_Items from a data source_

- Opening Delimiter -

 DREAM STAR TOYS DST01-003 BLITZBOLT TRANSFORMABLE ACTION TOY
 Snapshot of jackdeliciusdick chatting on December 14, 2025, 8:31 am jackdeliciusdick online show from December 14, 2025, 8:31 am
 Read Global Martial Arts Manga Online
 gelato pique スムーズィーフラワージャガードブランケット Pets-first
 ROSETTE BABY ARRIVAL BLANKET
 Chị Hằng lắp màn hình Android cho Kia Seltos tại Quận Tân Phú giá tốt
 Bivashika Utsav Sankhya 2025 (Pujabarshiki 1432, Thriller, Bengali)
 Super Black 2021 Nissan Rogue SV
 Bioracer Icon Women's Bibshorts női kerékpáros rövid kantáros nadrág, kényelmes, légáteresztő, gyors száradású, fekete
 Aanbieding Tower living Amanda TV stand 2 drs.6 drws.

- Closing Delimiter -

_Task description_
Preserving every character, copy the records above out again.

_Result of this exercise_
 DREAM STAR TOYS DST01-003 BLITZBOLT TRANSFORMABLE ACTION TOY
 Snapshot of jackdeliciusdick chatting on December 14, 2025, 8:31 am jackdeliciusdick online show from December 14, 2025, 8:31 am
 Read Global Martial Arts Manga Online
 gelato pique スムーズィーフラワージャガードブランケット Pets-first
 ROSETTE BABY ARRIVAL BLANKET
 Chị Hằng lắp màn hình Android cho Kia Seltos tại Quận Tân Phú giá tốt
 Bivashika Utsav Sankhya 2025 (Pujabarshiki 1432, Thriller, Bengali)
 Super Black 2021 Nissan Rogue SV
 Bioracer Icon Women's Bibshorts női kerékpáros rövid kantáros nadrág, kényelmes, légáteresztő, gyors száradású, fekete
 Aanbieding Tower living Amanda TV stand 2 drs.6 drws.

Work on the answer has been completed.